◆ Work required
Drop the pictures and extract exactly the lines from the one that contains "New York Yankees" through the end of the material.

Start of Recorded data

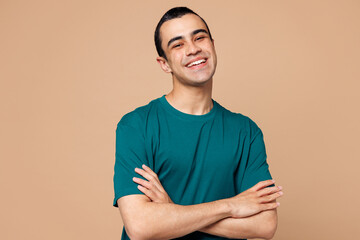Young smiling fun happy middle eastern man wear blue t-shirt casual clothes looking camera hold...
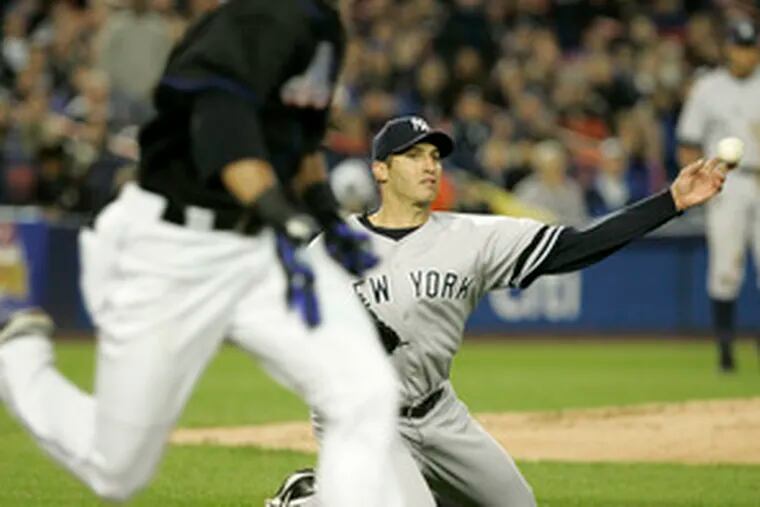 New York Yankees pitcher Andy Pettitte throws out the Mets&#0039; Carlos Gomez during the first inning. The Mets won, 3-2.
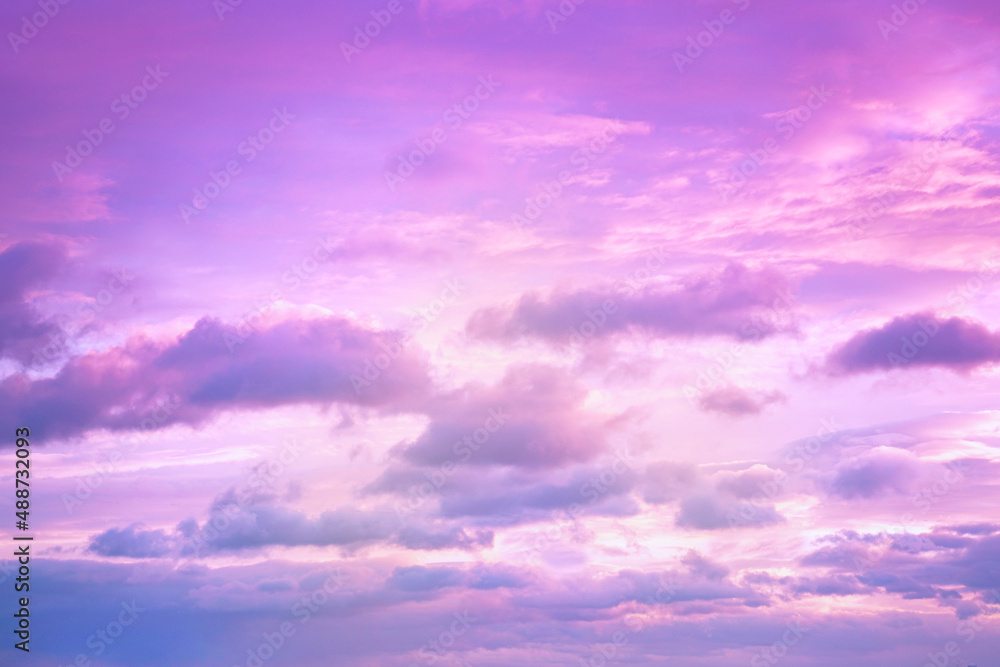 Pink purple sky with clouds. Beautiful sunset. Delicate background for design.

End of Recorded data

◆ Exercise output
 New York Yankees pitcher Andy Pettitte throws out the Mets&#0039; Carlos Gomez during the first inning. The Mets won, 3-2.
 Pink purple sky with clouds. Beautiful sunset. Delicate background for design.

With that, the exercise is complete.